**WHAT IS REQUIRED**. Below are records; reproduce exactly the lines from the one that has "20mm Universal wave" through the one that has "9977 Black Leather 2-Way Top Handle Bag", ends included, and nothing more.

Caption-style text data
———
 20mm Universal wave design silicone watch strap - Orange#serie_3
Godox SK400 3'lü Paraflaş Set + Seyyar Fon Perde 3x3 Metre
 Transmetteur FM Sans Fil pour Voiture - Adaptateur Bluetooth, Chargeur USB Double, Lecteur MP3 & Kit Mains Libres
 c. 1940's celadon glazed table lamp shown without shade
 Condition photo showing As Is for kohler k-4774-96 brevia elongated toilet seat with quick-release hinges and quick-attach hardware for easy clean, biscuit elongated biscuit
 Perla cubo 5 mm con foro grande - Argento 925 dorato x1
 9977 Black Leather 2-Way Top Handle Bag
———
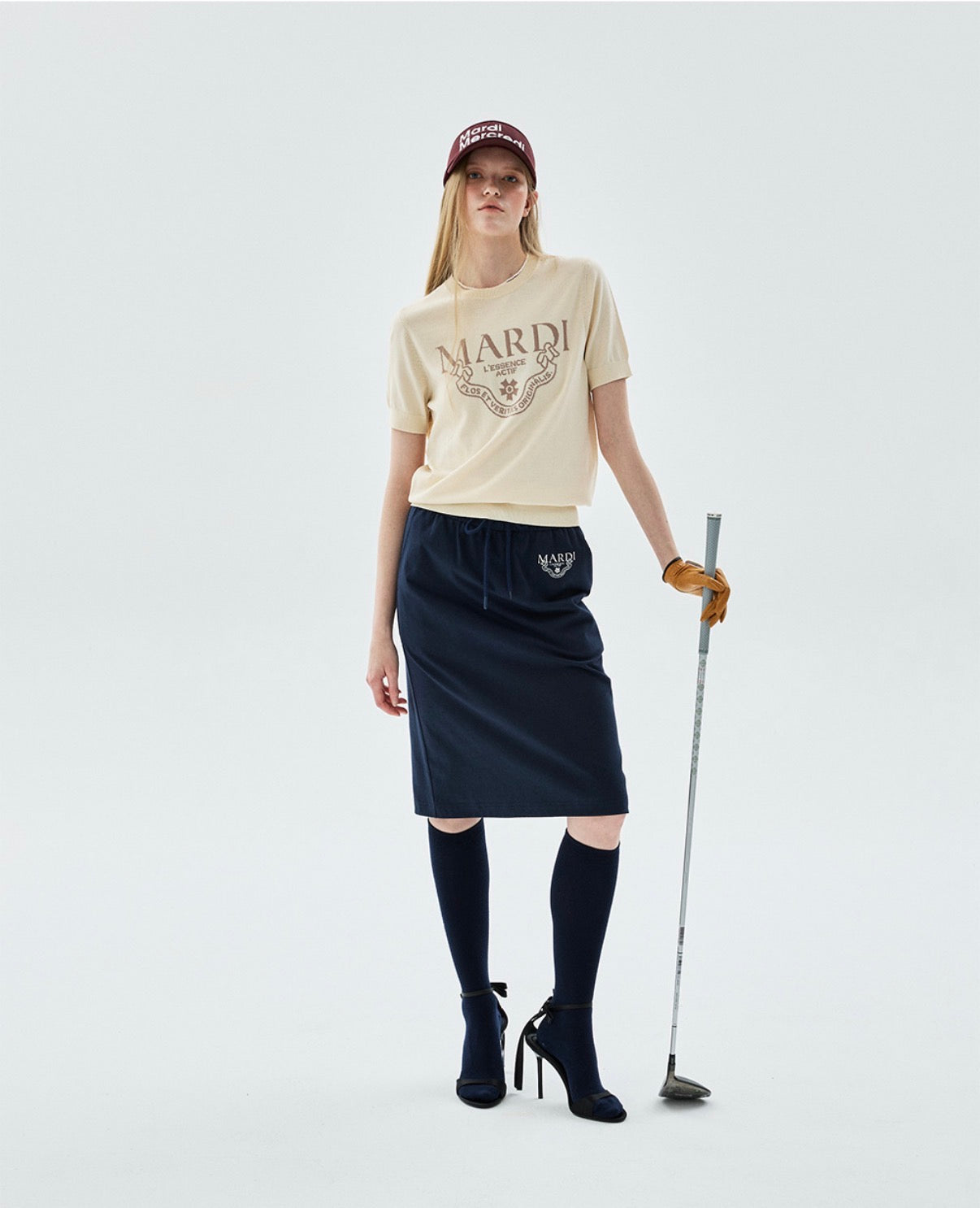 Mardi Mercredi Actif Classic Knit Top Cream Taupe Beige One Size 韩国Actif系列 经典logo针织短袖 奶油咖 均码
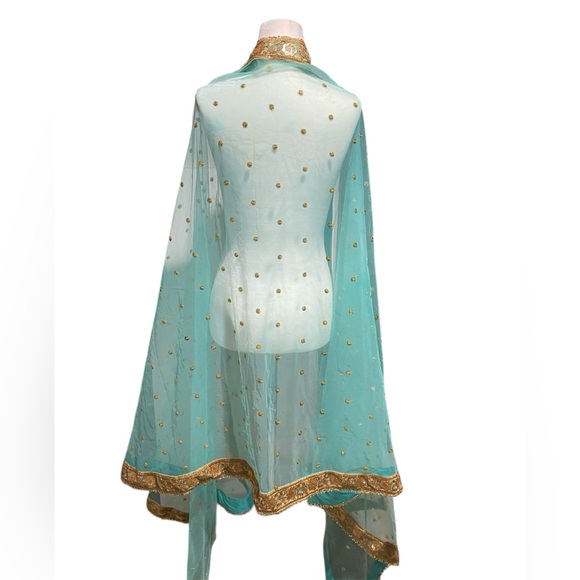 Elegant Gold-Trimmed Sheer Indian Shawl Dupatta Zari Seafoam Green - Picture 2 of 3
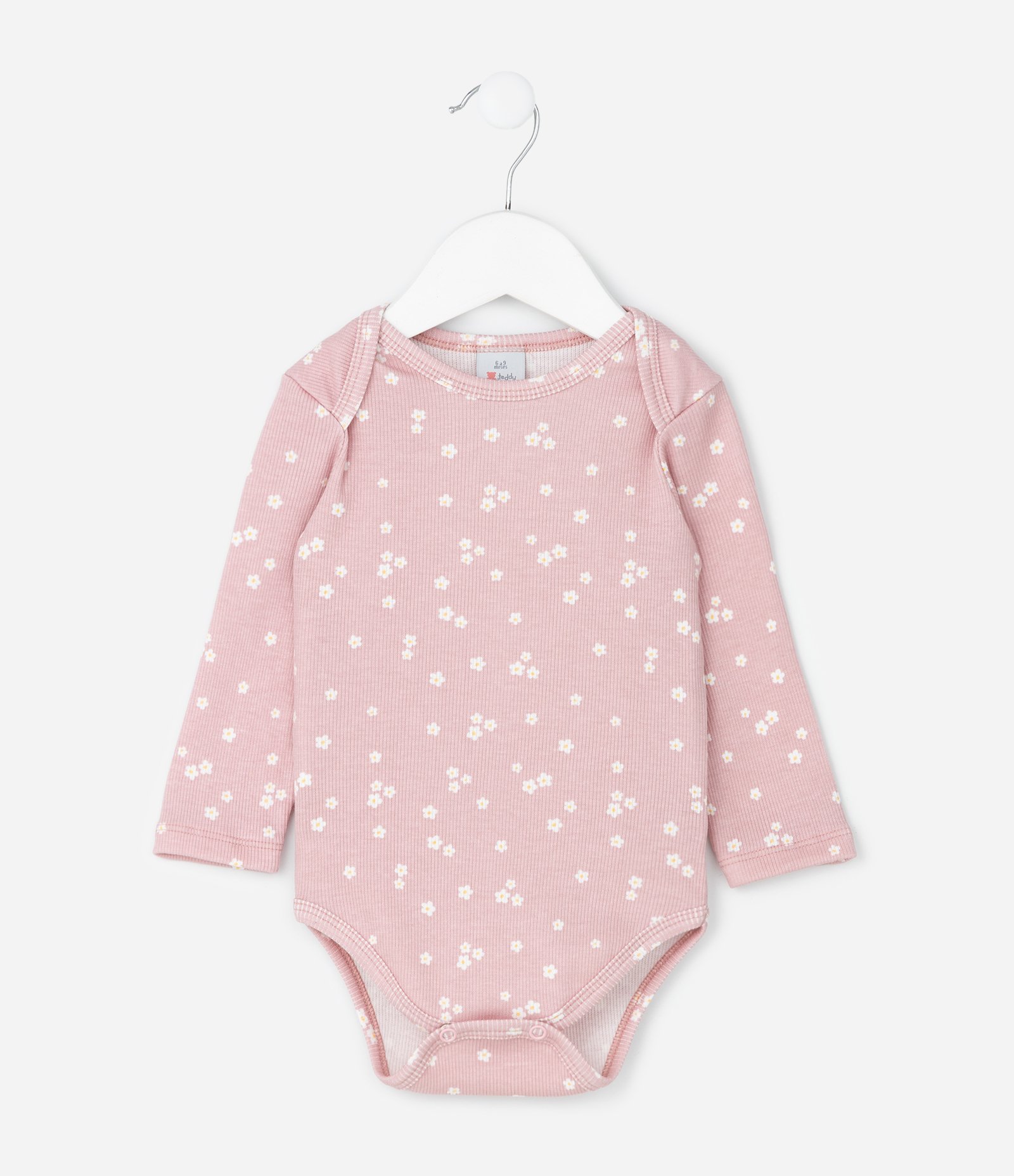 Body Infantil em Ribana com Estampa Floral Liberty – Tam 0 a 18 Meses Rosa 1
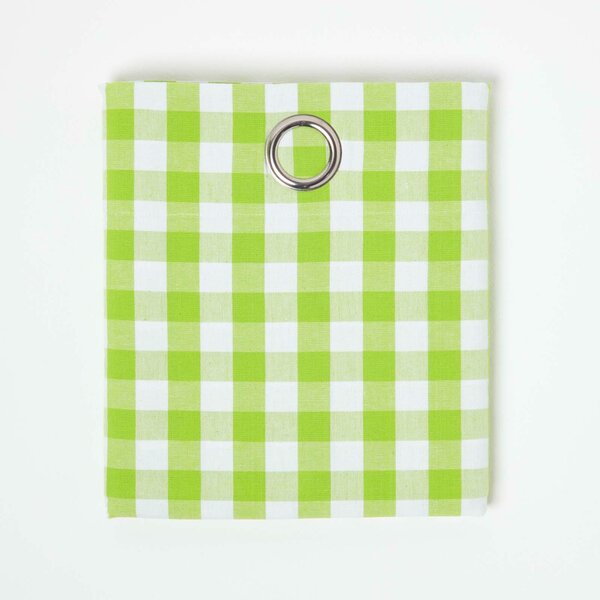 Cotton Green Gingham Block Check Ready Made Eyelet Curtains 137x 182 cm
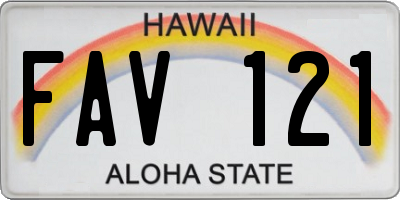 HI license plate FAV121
———
**ANSWER BELOW**.
 20mm Universal wave design silicone watch strap - Orange#serie_3
Godox SK400 3'lü Paraflaş Set + Seyyar Fon Perde 3x3 Metre
 Transmetteur FM Sans Fil pour Voiture - Adaptateur Bluetooth, Chargeur USB Double, Lecteur MP3 & Kit Mains Libres
 c. 1940's celadon glazed table lamp shown without shade
 Condition photo showing As Is for kohler k-4774-96 brevia elongated toilet seat with quick-release hinges and quick-attach hardware for easy clean, biscuit elongated biscuit
 Perla cubo 5 mm con foro grande - Argento 925 dorato x1
 9977 Black Leather 2-Way Top Handle Bag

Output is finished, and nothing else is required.